I know we are reputed to be omnipotent, but why would you expect to find the answers on a Canadian financial forum? Try Googling the subject on Florida web sites.


----------



## HaroldCrump (Jun 10, 2009)

OhGreatGuru said:


> we are reputed to be omnipotent


You mean omniscient


----------



## coloradorockies (Apr 8, 2011)

The tenants in my 1350 sq ft single story house in Orlando have had elec bills of close to $300 for the last two months. No pool pump, either!


----------



## longshill (Apr 7, 2011)

OhGreatGuru said:


> I know we are reputed to be omnipotent, but why would you expect to find the answers on a Canadian financial forum? Try Googling the subject on Florida web sites.


Because there are Canadians who own properties in Florida and visit this forum.


----------



## chaudi (Sep 10, 2009)

It's very hot in FL, humid too. You might find after few years you like the cool after all, my thoughts anyways.
I hear some people need A/C all year to prevent mold and rot in their homes. So bills maybe higher and even when your not there. Or consider a different construction.


----------



## kcowan (Jul 1, 2010)

I agree that AC will be the primary driver of electricity costs in Florida. Think of a 3 ton unit running half the time. It will cost between $800 and $1000 to run such a unit in Fort Myers for the year. Orlando would be 10% cheaper, and Miami would be 20% more.

Source


----------



## OhGreatGuru (May 24, 2009)

This web site from DOE will give you the average.

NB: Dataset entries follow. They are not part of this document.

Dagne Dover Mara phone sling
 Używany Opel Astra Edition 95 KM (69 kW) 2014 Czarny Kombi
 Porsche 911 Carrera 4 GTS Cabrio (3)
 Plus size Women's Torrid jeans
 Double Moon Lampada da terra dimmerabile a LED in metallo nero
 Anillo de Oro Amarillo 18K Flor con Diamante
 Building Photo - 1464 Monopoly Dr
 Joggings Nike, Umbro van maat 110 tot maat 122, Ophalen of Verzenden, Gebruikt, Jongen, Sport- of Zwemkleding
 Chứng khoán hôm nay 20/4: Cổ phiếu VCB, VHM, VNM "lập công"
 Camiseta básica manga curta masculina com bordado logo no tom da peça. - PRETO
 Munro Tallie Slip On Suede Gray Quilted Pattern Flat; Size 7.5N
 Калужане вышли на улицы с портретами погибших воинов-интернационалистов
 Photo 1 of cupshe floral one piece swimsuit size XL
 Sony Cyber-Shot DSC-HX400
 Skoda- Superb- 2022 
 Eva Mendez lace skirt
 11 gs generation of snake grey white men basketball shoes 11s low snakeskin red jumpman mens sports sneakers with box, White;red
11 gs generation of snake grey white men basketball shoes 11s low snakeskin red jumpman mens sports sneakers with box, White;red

http://www.eia.doe.gov/cneaf/electricity/esr/table5.html

But it's pretty meaningless without house size, age, is it airconditioned, etc.

Electric power rates are here:
http://www.eia.doe.gov/cneaf/electricity/epm/table5_6_b.html

If you can find a calculator for lighting/heating/cooling/ and miscellaneus electrical consumption in Florida you might be able to work it out.

You might be better off searching Real Estate llistings and see if they have utility costs for houses in the size you are looking for.


----------